Saulus (/sɔːl/; bedeutet "bat um, betete um"; lateinisch: Saulus; arabisch: طالوت, Ṭālūt oder شاؤل, Ša'ūl) ist ein König in den Büchern Samuel, 1 Chronik und dem Koran. Er war der erste König des alten Israel. Er regierte von 1047 v. Chr. bis 1007 v. Chr.
In der Bibel liebt und gehorcht Saulus Gott, bis er aufhört, auf Gott zu hören und leicht gierig wird, wodurch er Gottes ganzes Interesse an ihm verliert. Samuel, der Prophet, kommt und warnt ihn, dass Gott nicht mehr mit ihm ist. Als er sich umdreht, um zu gehen, greift Saul nach Samuels Gewand, und es zerreißt. Samuel sagt (1Samuel15:28~29): "Der Herr hat euch heute das Königreich Israel entrissen und es einem eurer Nachbarn gegeben - einem, der besser ist als ihr. Wer die Herrlichkeit Israels ist, der lügt nicht und ändert seine Meinung nicht; denn er ist kein Mensch, dass er seine Meinung ändern sollte.

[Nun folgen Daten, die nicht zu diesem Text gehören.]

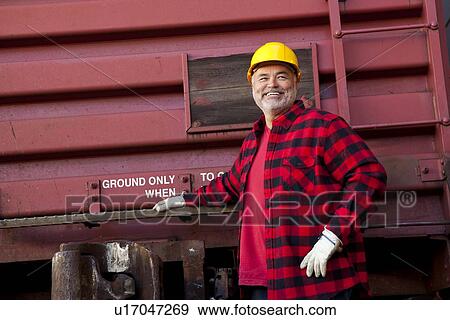 Middle Aged worker standing in industrial railway carriage View Large Photo Image Stock Photo - Middle Aged worker standing in industrial railway carriage. Fotosearch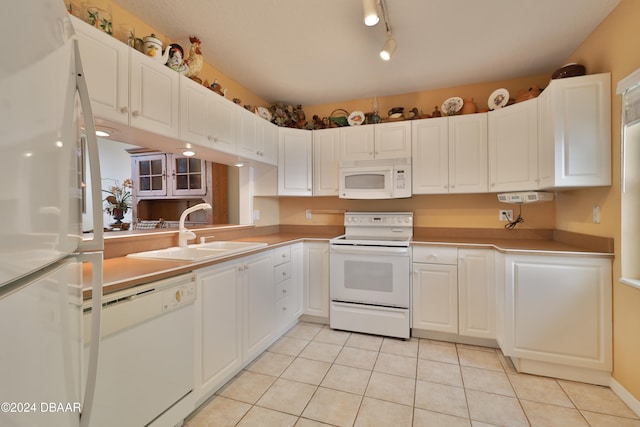 kitchen featuring white cabinets, white appliances, light tile patterned flooring, and sink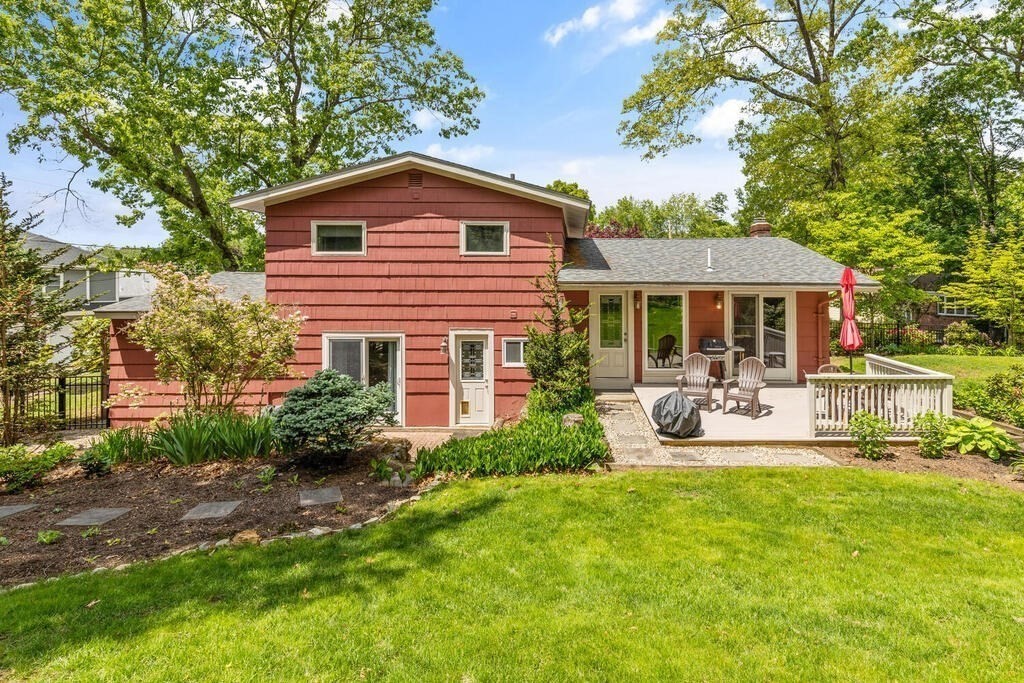 19 West Chardon Road Winchester, MA 01890 - Photo 26 of 40 a front view of house with yard and outdoor seating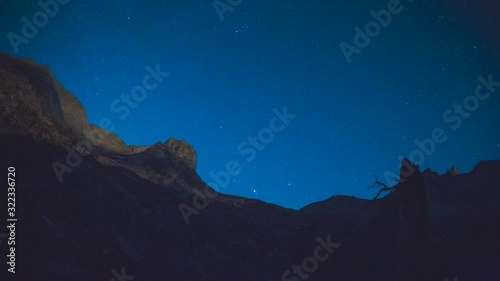 Stars and moon over mountains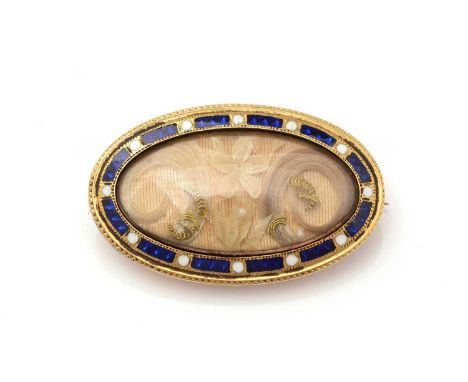 A Victorian hair-work and enamel mourning brooch, the oval central plaque with cut hair in floral design, within a white and 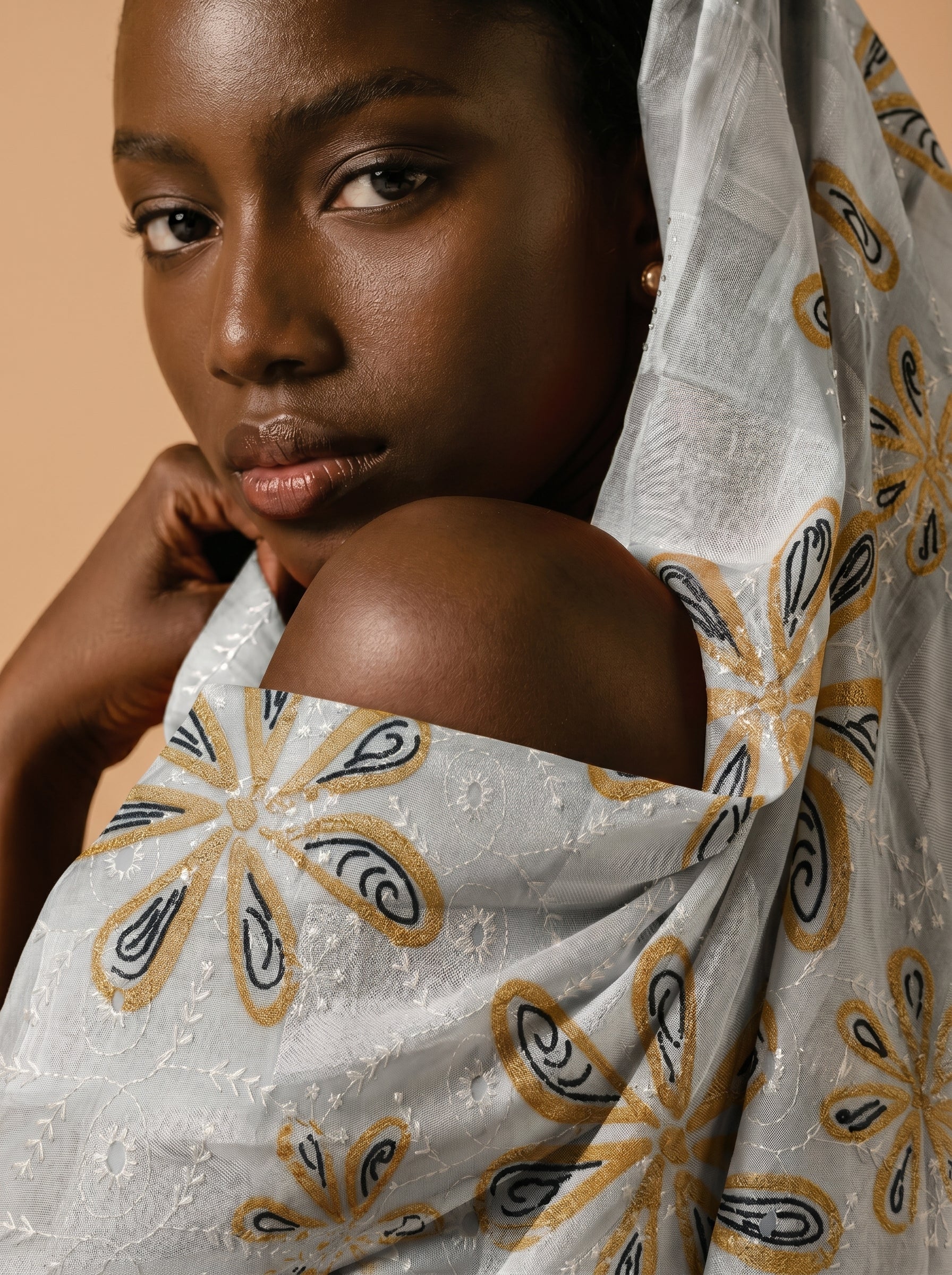 Embroidered motif fabric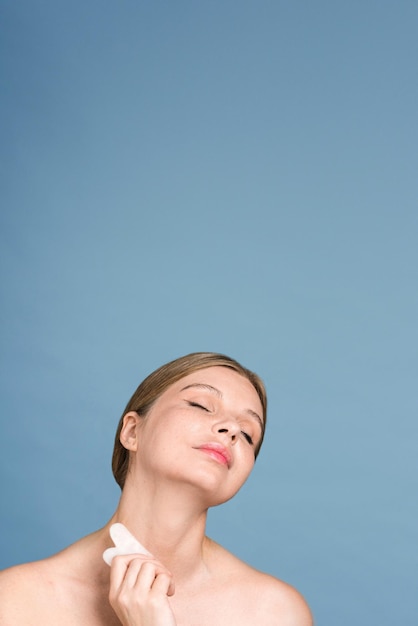 Uma jovem mulher caucasiana está fazendo massagem no pescoço usando um tiro gua sha vertical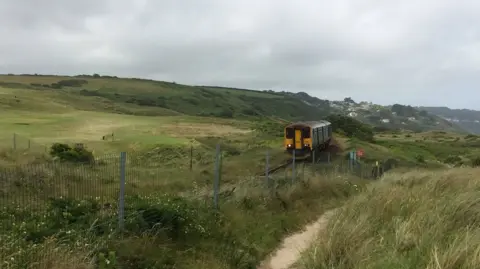 A two-carriage GWR train on a track among fields with a gravel footpath besides it on a slightly overcast day.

Dann weicht der Geist des Herrn von Saul, und ein böser Geist quält ihn. Saul nimmt David, den Hirten, und den jüngsten Sohn Isais in seinen Dienst, um für ihn Harfe zu spielen, damit er besänftigt werde, wenn der böse Geist auf ihm ruht. Später wird er auf David eifersüchtig und beginnt, David als den "einen deiner Nachbarn" zu verdächtigen, den Samuel erwähnt hatte. Er bekommt Angst vor David, und schließlich verwandelt sich seine Eifersucht in Hass, und er möchte ihn töten. Aber Sauls Sohn Jonathan ist mit David in Freundschaft verbunden, was seinen Zorn auch auf Jonathan überspringen lässt.

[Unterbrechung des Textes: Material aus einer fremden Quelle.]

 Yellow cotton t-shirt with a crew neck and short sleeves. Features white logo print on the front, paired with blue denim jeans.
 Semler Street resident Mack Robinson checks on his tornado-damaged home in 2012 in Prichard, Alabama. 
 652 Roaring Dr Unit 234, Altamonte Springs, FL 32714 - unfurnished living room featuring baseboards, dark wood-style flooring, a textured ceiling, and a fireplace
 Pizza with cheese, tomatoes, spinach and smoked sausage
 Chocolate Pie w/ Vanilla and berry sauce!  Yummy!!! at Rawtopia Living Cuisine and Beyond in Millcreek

Später stirbt Saulus in der Schlacht gegen die Philister und fällt in sein eigenes Schwert, weil er nicht von den "unbeschnittenen" Philistern missbraucht werden will.1 Samuel und 2 Samuel geben widersprüchliche Berichte über Sauls Tod. In 1 Samuel und in einem parallelen Bericht in 1 Chronik 10 bittet Saul seinen Waffenträger, ihn zu töten, während die besiegten Israeliten fliehen, aber er weigert sich, und so fällt Saul in sein eigenes Schwert. In 2 Samuel berichtet ein Amalekiter David, dass er Saul nach der Schlacht auf seinen Speer gestützt vorfand und den Gnadenstoß ausführte. David lässt den Amalekiter hinrichten, weil er sich beschuldigt hat, den gesalbten König getötet zu haben. Sauls drei Söhne, Jonathan, Abinadab und Melchischua, wurden in der Schlacht ebenfalls getötet (Samuel 31:1-4%20{{{{{{2}}}};&version=KJV; 1 Samuel 31:1-4 {{{{{{2}}}}). König David, der von der Tragödie nach der Schlacht erfährt, verflucht den Berg:
Ihr Berge von Gilboa, lasst weder Tau noch Regen auf euch kommen, auch keine Felder mit erlesenen Früchten; denn dort wurde der Schild der Mächtigen auf abscheuliche Weise weggeworfen, der Schild Sauls, gesalbt mit Öl (Samuel 1:21%20{{{{{2}}}};&Version=KJV; 2 Samuel 1:21 {{{{{{{{2}}}}}).
Die siegreichen Philister bergen Sauls Leiche sowie die seiner drei Söhne, die ebenfalls in der Schlacht starben, enthaupteten sie und stellten sie an der Wand von Beth-Shan aus. Sie stellen Sauls Rüstungen im Tempel von Ashtaroth aus (einem ascalonischen Tempel der Kanaaniter). Aber nachts holen die Bewohner von Jabesch-Gilead die Leichen zur Einäscherung und Bestattung zurück (Samuel 31:8-13, 1 Chronik 10:12%20{{{{{{2}}}};&version=KJV; 1 Samuel 31:8-13, 1 Chronik 10:12 {{{{{2}}}}). Später nimmt David die Gebeine Sauls und seines Sohnes Jonathan und begräbt sie in Zela, im Grab seines Vaters (Samuel 21:12-14%20{{{{{2}}}};&version=KJV; 2 Samuel 21:12-14 {{{{{{2}}}}}). Der Bericht in 1 Chronik fasst dies zusammen:
Saulus starb für seine Untreue, die er dem Herrn gegenüber begangen hatte, weil er das Wort des Herrn nicht hielt und auch, weil er sich an ein Medium zur Orientierung wandte.